Top of TASK INPUTS

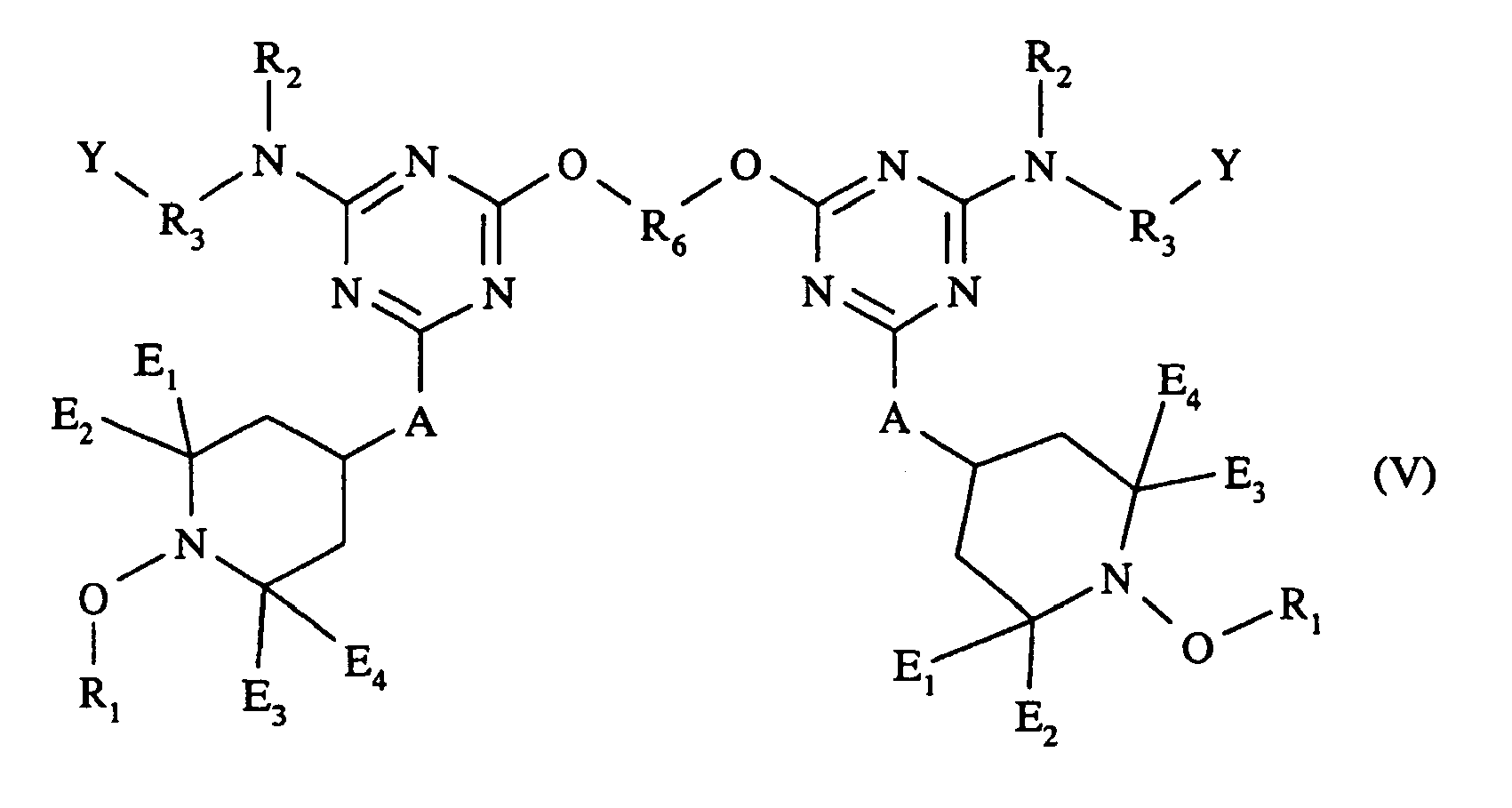 Figure imgb0036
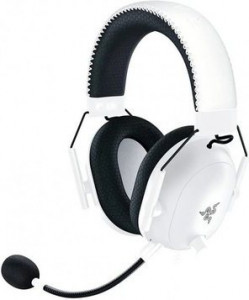  Razer Blackshark V2 Pro Wireless White (RZ04-03220300-R3M1)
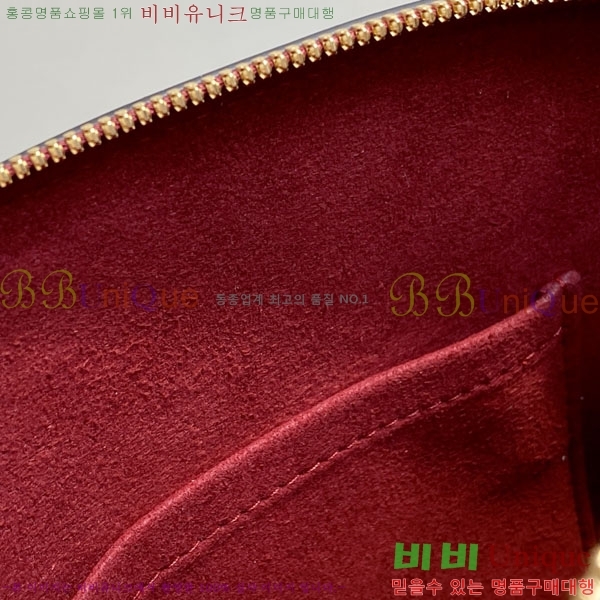 #���̺��� �˸� BB M25562-101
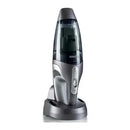Ariete, Wet & Dry Handy Vacuum 14.8V, Silver
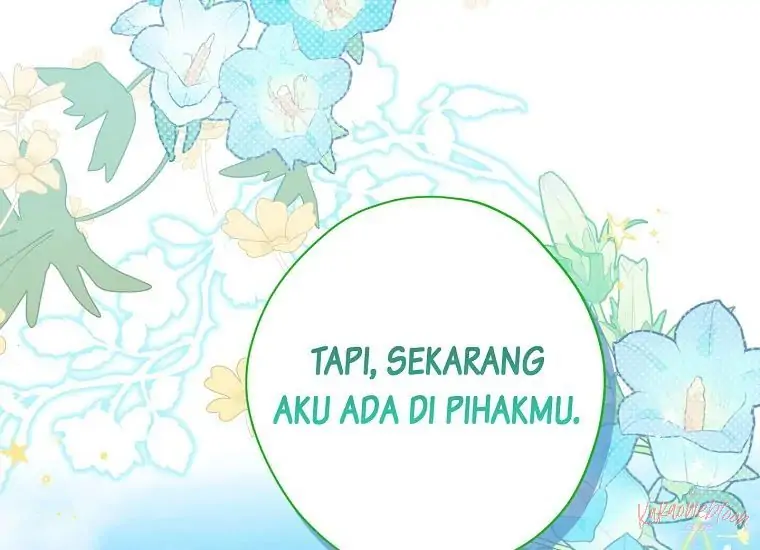 Actually, I Was the Real One Chapter 96 Gambar 178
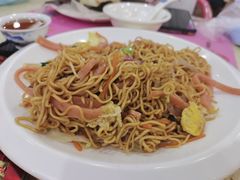 -名点一号·精致茶点·手工制作(宝华店)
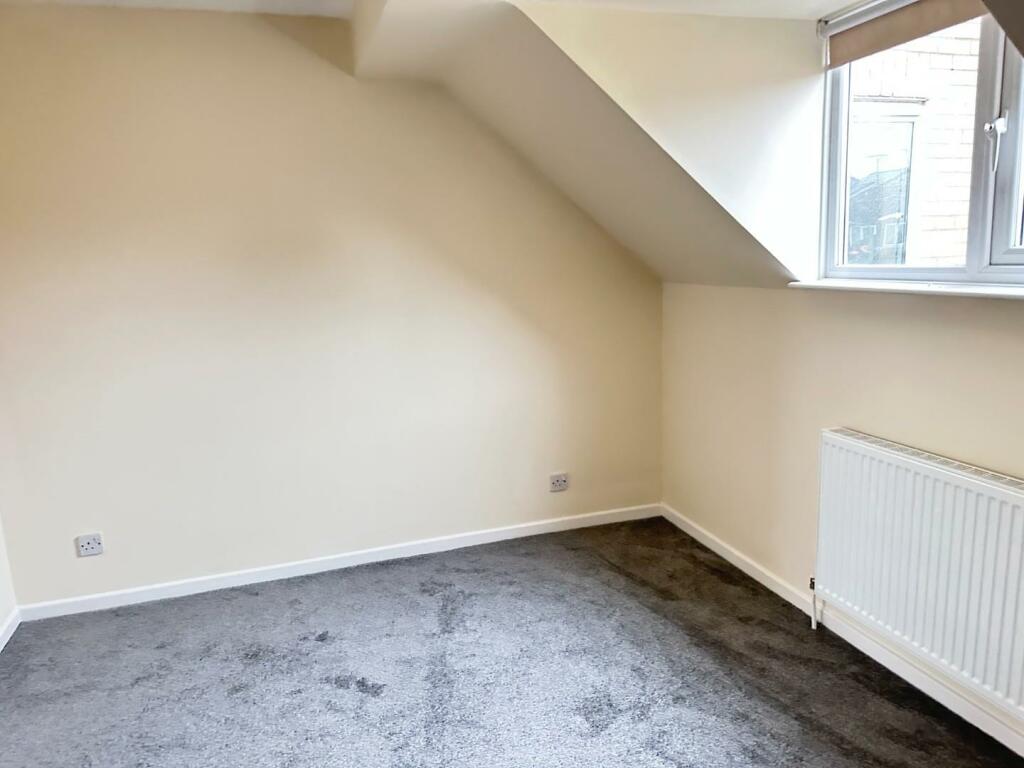 Additional image 6 of Primary Court Cambridge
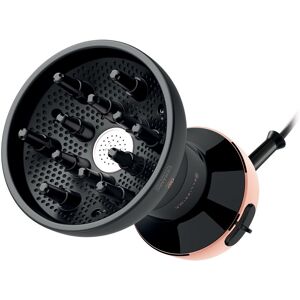 Bellissima My Pro Diffon DF1 3000 Haartrockner Lockenpflege für lockiges Haar 1 St. Image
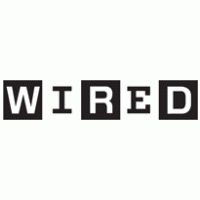 wired.com
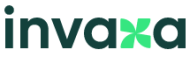 Invaxa logo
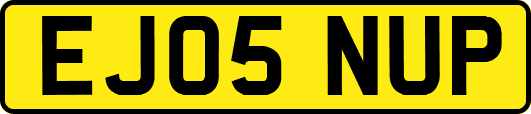EJ05NUP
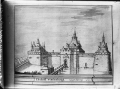 800px-kasteel_vredenburg_1570_-_utrecht_-_20237276_-_rce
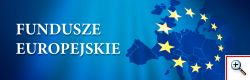Fundusze-europejskie
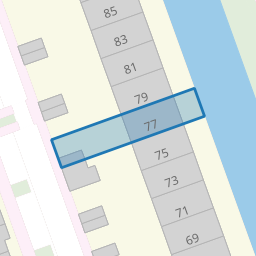 Perceel ZTM00-E-4062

Bottom of TASK INPUTS

EXERCISE AIM
Give the records again without a single change, and exclude the pictures.

TASK OUTPUT
 Figure imgb0036
  Razer Blackshark V2 Pro Wireless White (RZ04-03220300-R3M1)
 #���̺��� �˸� BB M25562-101
Ariete, Wet & Dry Handy Vacuum 14.8V, Silver
 Actually, I Was the Real One Chapter 96 Gambar 178
 -名点一号·精致茶点·手工制作(宝华店)
 Additional image 6 of Primary Court Cambridge
 Bellissima My Pro Diffon DF1 3000 Haartrockner Lockenpflege für lockiges Haar 1 St. Image
 wired.com
 Invaxa logo
EJ05NUP
 800px-kasteel_vredenburg_1570_-_utrecht_-_20237276_-_rce
Fundusze-europejskie
 Perceel ZTM00-E-4062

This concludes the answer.